J'ai réalisé en visitant le village de Miyamoto que je devais vraiment réfléchir sur mes citations préférées de Miyamoto Musashi qui, dans "Go Rin no Sho" (Livre des 5 Anneaux) a écrit:

"La vraie science des arts martiaux, c'est de les pratiquer de manière à ce qu'ils soient utiles à tout moment et de les enseigner de manière à ce qu'ils soient utiles en toutes choses."

Je réinterprète maintenant la citation de Musashi pour ma propre vie pour impliquer que tout s'entraîne et que les bénéfices se trouvent dans l'application du processus.

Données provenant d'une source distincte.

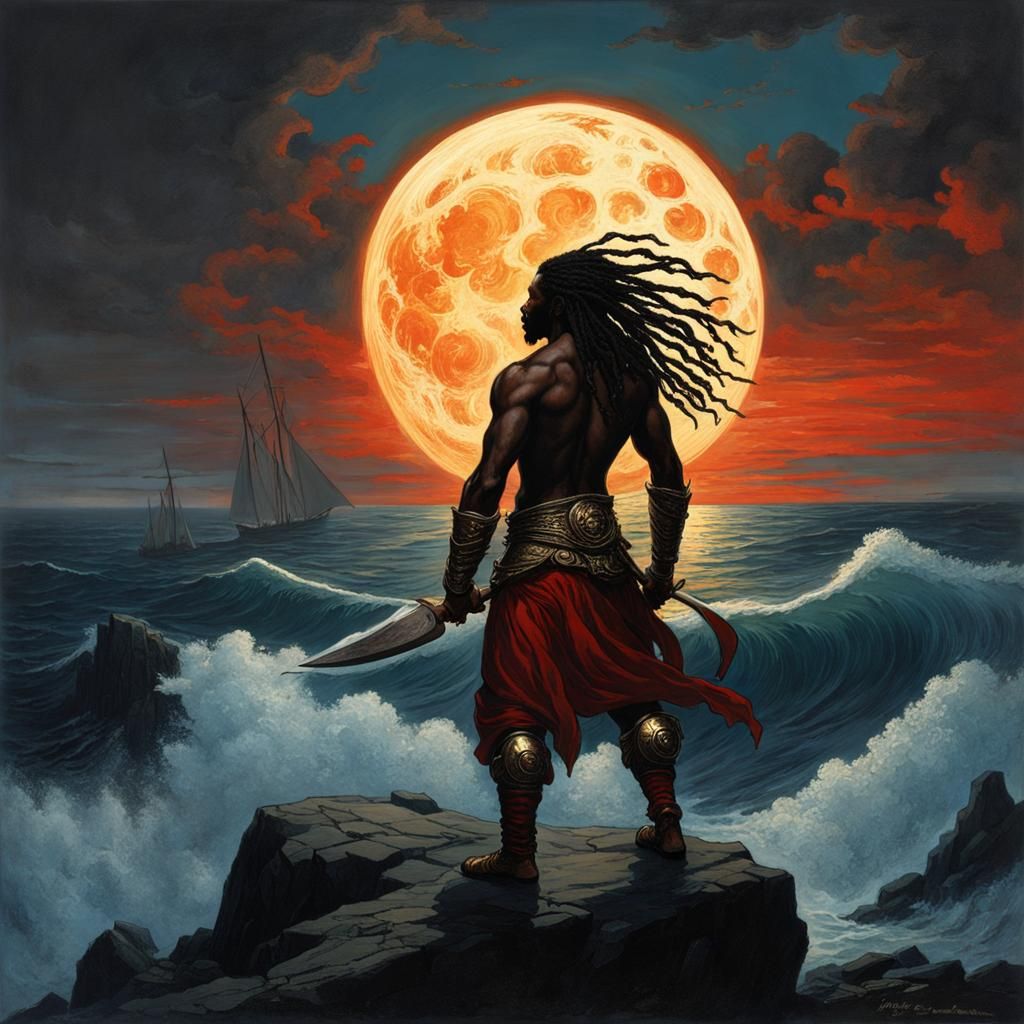 Fiery Genasi at Ocean's Edge: A Gothic Horror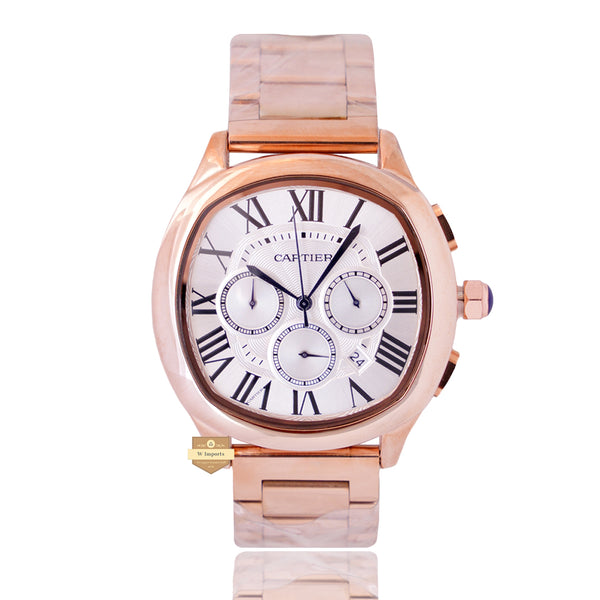 NEW LATEST CHRONOGRAPH COLLECTION ROSE GOLD WITH WHITE DIAL & CHAIN WATCH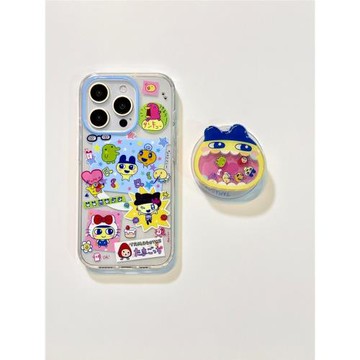 古早拓麻歌子貼畫蘋果iphone16雙層15磁吸14支架13可愛透明手機殼 ·搖搖樂大嘴麻美吉磁吸【單支架】蘋果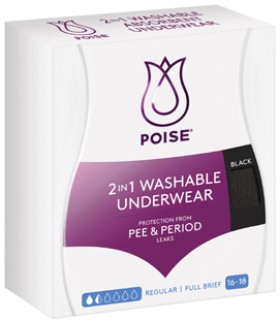 Poise+2-in-1+Period+%26amp%3B+Incontinence+Underwear+Black+Size+16-18+1+Pack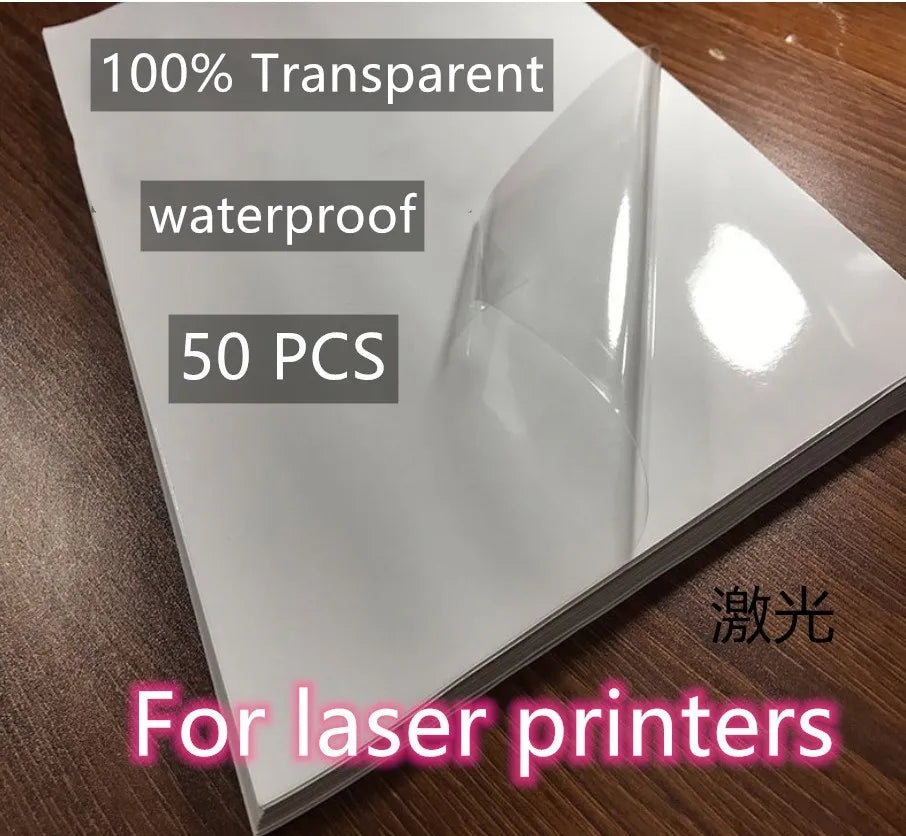 50/10 Sheets A4 Transparent Printable Vinyl Sticker Paper Waterproof Self-Adhesive Glossy paper for Inkjet Printer DIY Crafts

La formation est à la fois processus et produit dans un cercle sans fin.

E. Paul Zehr
Peinture murale sur la plate-forme de la station Miyamoto Musashi.
Source: E. Paul Zehr

Pour moi, cela signifie que même si je ne peux pas faire le même volume de ce que je considérais auparavant comme «entraînement réel» (citations ironiques), je peux essayer d'amener l'état d'esprit de la formation à tous les aspects de ma vie. Alors, pour paraphraser Musashi, mes efforts seront utiles dans tout ce que je fais. Je pensais que je faisais ça, mais je me rends compte maintenant que je manquais. Je séparais parfois la formation de l'application dans une démarcation artificielle.

À bien des égards, la science et les arts martiaux requièrent la même approche philosophique et opérationnelle. De même que l'entraînement aux arts martiaux est un processus itératif qui progresse toujours, la science est toujours une révision constante de notre rapprochement le plus étroit de la vérité à un moment donné. Nous avons besoin de vigilance pour éviter les méthodologies confuses pour la recherche et la formation à partir des principes que nous cherchons à comprendre et à appliquer.

Cette approche prend du travail à appliquer et à mettre en œuvre dans la vie quotidienne. Mais encore une fois, tout cela fait partie de l'entraînement aussi. Et le but de toute cette formation? Progressivement, étape par étape, jour après jour, améliorez tout ce que nous faisons, y compris la formation elle-même.